Ezekiel New Congregational Methodist Church

The Ezekiel New Congregational Methodist Church was constructed by Reverend Manning A. Thigpen, who was a member of one of the pioneer families of South Georgia. His father, Travis Thigpen, was one of the most successful farmers in Ware County and had fourteen children. Manning A. Thigpen married Miriam Miller on February 24, 1876. She was the granddaughter of William Miller, a Revolutionary War soldier who is buried along with the entire Miller family at Kettle Creek Cemetery in Waycross. The couple welcomed their first and only son, Ezekiel, on March 31, 1877. Tragically, Ezekiel Thigpen died in 1889 at the age of twelve. In 1899, Rev. Thigpen and his wife built the Ezekiel New Congregational Methodist Church in memory of their son.

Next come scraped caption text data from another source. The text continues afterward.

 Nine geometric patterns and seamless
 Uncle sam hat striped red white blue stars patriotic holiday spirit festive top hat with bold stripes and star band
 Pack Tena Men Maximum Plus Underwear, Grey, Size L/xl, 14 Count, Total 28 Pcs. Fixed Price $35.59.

In 1901, the Congregational Methodists called Rev. Thigpen to serve as pastor of nearby Kettle Creek Church after the former pastor retired. Earlier that year, a new 35×50 foot church was built for $1,000. Kettle Creek was one of the oldest church sites and burial grounds in the area. Rev. Manning Thigpen and Miriam Miller raised six orphaned children and adopted a daughter. Unfortunately, Miriam Miller died suddenly in 1909 at the age of 54 after a brief illness. Thigpen married his second wife, Margaret Jones until she died in 1931. His last wife was Rosa Camelia Aldrich Woodcock, an early settler of Ware County. Rev. Manning Thigpen died in 1937 at the age of 78 and is buried in Kettle Creek Cemetery, along with his first wife, Miriam, and their son, Ezekiel, who rests between his father and mother.

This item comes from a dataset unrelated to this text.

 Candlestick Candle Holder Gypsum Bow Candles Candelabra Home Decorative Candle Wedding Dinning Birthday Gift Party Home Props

Ezekiel Congregational Methodist Church
The church congregation formed in 1874 and was still active in 1974 when the church celebrated its centennial anniversary.

Years ago, there was a one-room schoolhouse located beside the old church. The little church and schoolhouse served the community that became known as Pebble Hill. It is unknown when Ezekiel Congregational Methodist disbanded or when the church itself was abandoned. In recent years, the Ezekiel Methodist Church has caught fire after it was struck by lightning. Despite the fire damage, its Carpenter Gothic design still has some gingerbread ornamentation remaining. There are currently no plans for the old Ezekiel Methodist Church. Sadly, the old church building continues to deteriorate with each passing day.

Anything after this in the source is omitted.